**WHAT IS NEEDED:**
Every entry below needs to be repeated exactly.

[Data excerpts]

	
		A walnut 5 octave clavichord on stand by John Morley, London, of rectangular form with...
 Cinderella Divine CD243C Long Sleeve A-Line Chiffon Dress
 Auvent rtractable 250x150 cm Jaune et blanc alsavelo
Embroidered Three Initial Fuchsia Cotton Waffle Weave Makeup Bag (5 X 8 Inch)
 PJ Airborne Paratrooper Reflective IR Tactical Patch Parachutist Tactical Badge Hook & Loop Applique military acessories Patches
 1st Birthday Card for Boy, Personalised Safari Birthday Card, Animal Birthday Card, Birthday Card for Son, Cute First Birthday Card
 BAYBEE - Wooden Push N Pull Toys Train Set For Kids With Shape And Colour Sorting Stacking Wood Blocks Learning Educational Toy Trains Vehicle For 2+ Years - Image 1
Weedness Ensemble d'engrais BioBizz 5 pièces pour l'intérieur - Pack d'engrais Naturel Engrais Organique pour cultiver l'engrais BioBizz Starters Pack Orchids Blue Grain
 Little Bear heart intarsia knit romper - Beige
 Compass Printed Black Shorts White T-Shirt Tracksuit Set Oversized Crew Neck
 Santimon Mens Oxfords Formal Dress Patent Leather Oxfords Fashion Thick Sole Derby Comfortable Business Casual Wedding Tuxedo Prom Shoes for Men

**SOLUTION TO THE PROBLEM:**
		A walnut 5 octave clavichord on stand by John Morley, London, of rectangular form with...
 Cinderella Divine CD243C Long Sleeve A-Line Chiffon Dress
 Auvent rtractable 250x150 cm Jaune et blanc alsavelo
Embroidered Three Initial Fuchsia Cotton Waffle Weave Makeup Bag (5 X 8 Inch)
 PJ Airborne Paratrooper Reflective IR Tactical Patch Parachutist Tactical Badge Hook & Loop Applique military acessories Patches
 1st Birthday Card for Boy, Personalised Safari Birthday Card, Animal Birthday Card, Birthday Card for Son, Cute First Birthday Card
 BAYBEE - Wooden Push N Pull Toys Train Set For Kids With Shape And Colour Sorting Stacking Wood Blocks Learning Educational Toy Trains Vehicle For 2+ Years - Image 1
Weedness Ensemble d'engrais BioBizz 5 pièces pour l'intérieur - Pack d'engrais Naturel Engrais Organique pour cultiver l'engrais BioBizz Starters Pack Orchids Blue Grain
 Little Bear heart intarsia knit romper - Beige
 Compass Printed Black Shorts White T-Shirt Tracksuit Set Oversized Crew Neck
 Santimon Mens Oxfords Formal Dress Patent Leather Oxfords Fashion Thick Sole Derby Comfortable Business Casual Wedding Tuxedo Prom Shoes for Men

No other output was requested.